*WHAT IS EXPECTED:* The records that follow are to be reproduced exactly. Any pictures in them are left out.

• • • • • • •

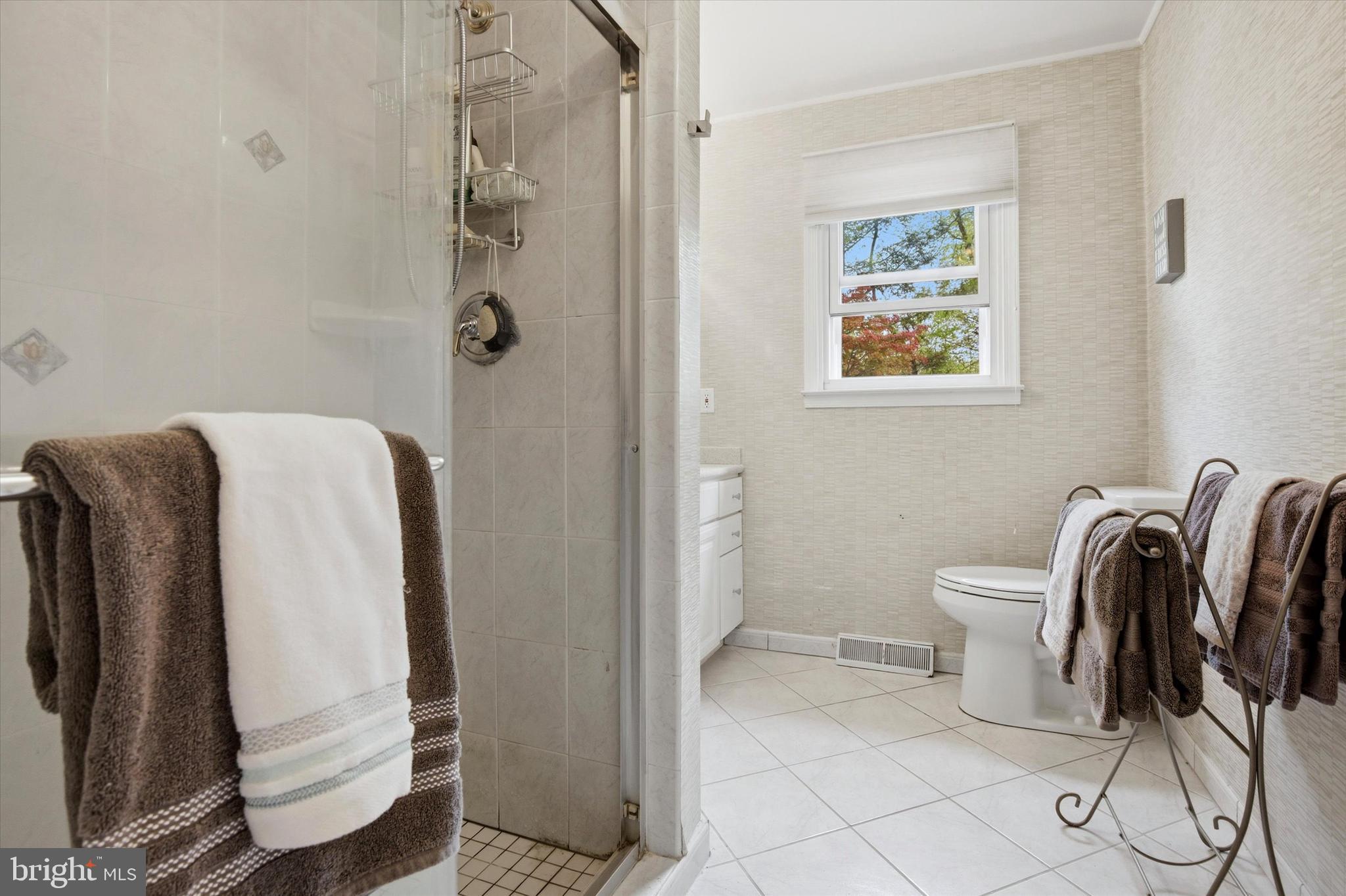 HUNTINGDON VALLEY - Residential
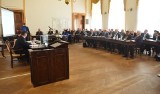 Radom. Prezydent Radomia chce sesji nadzwyczajnej. Wnioskuje o zmiany w uchwale budżetowej i wieloletniej prognozie finansowej 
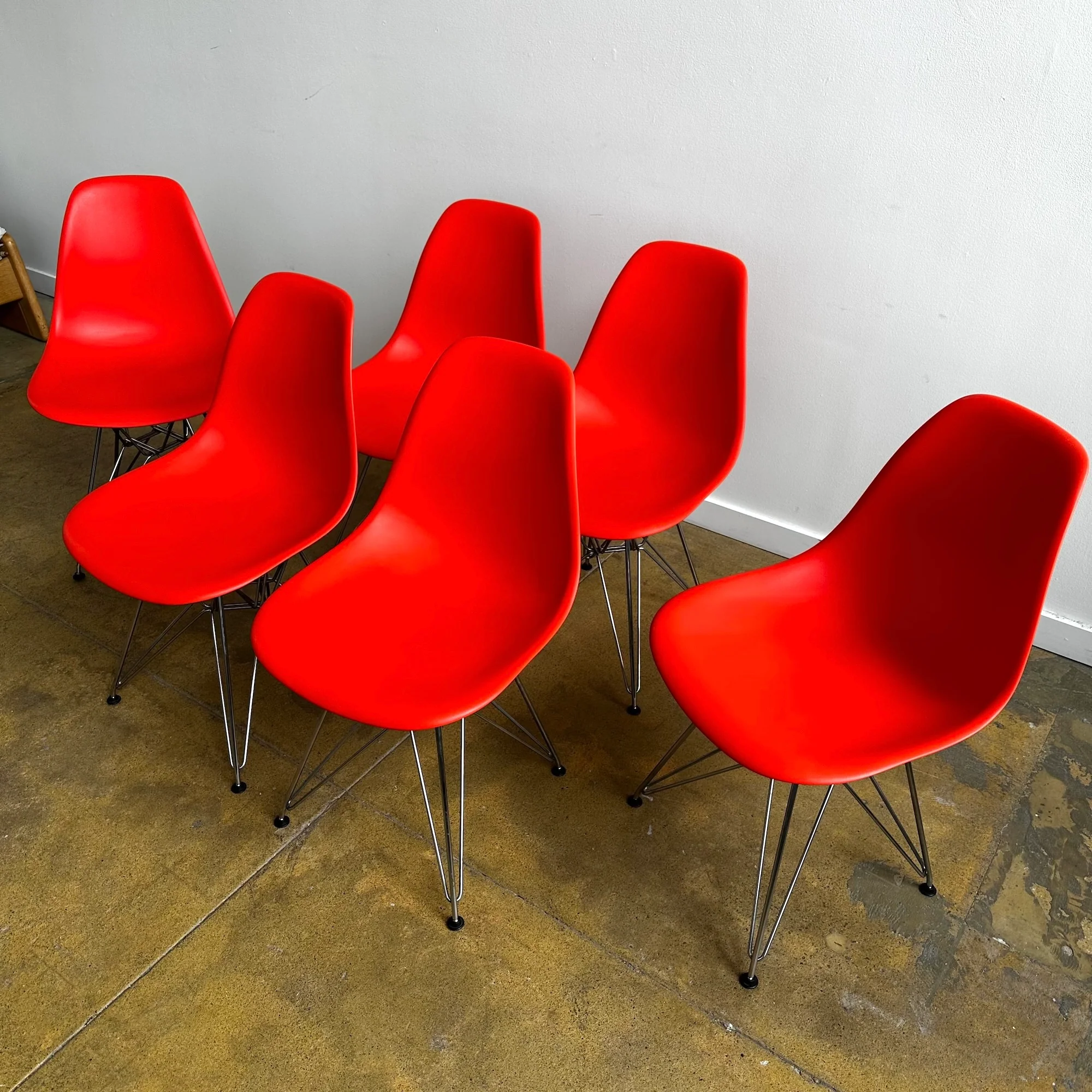 Herman Miller Eames Molded Plastic set of 6 Chairs - Image 4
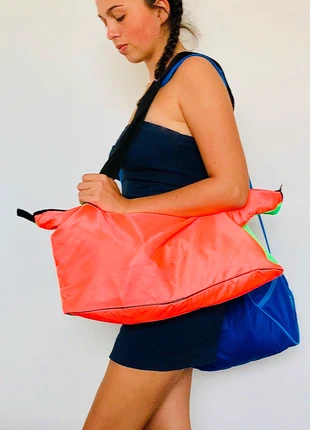 Cabas Adidas bicolore fluo, brand: adidas, condition: Good, €9.90, €11.10 includes Buyer Protection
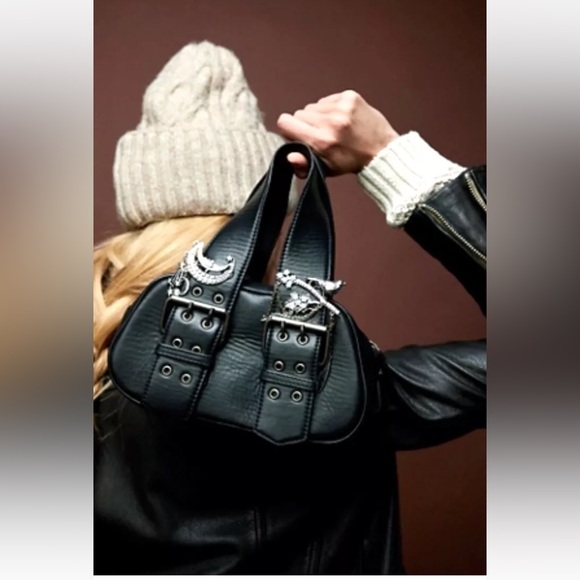 Free People Say Yes Bag Tote Handbag Small Oval Black Leather Buckles Zipper - Picture 1 of 8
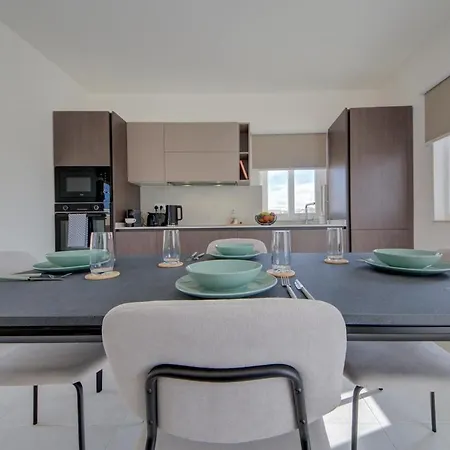 The Valley Collection - A25 - With Private Hot Tub Xagħra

• • • • • • •

*RESPONSE AREA:*
 HUNTINGDON VALLEY - Residential
 Radom. Prezydent Radomia chce sesji nadzwyczajnej. Wnioskuje o zmiany w uchwale budżetowej i wieloletniej prognozie finansowej 
 Herman Miller Eames Molded Plastic set of 6 Chairs - Image 4
 Cabas Adidas bicolore fluo, brand: adidas, condition: Good, €9.90, €11.10 includes Buyer Protection
 Free People Say Yes Bag Tote Handbag Small Oval Black Leather Buckles Zipper - Picture 1 of 8
 The Valley Collection - A25 - With Private Hot Tub Xagħra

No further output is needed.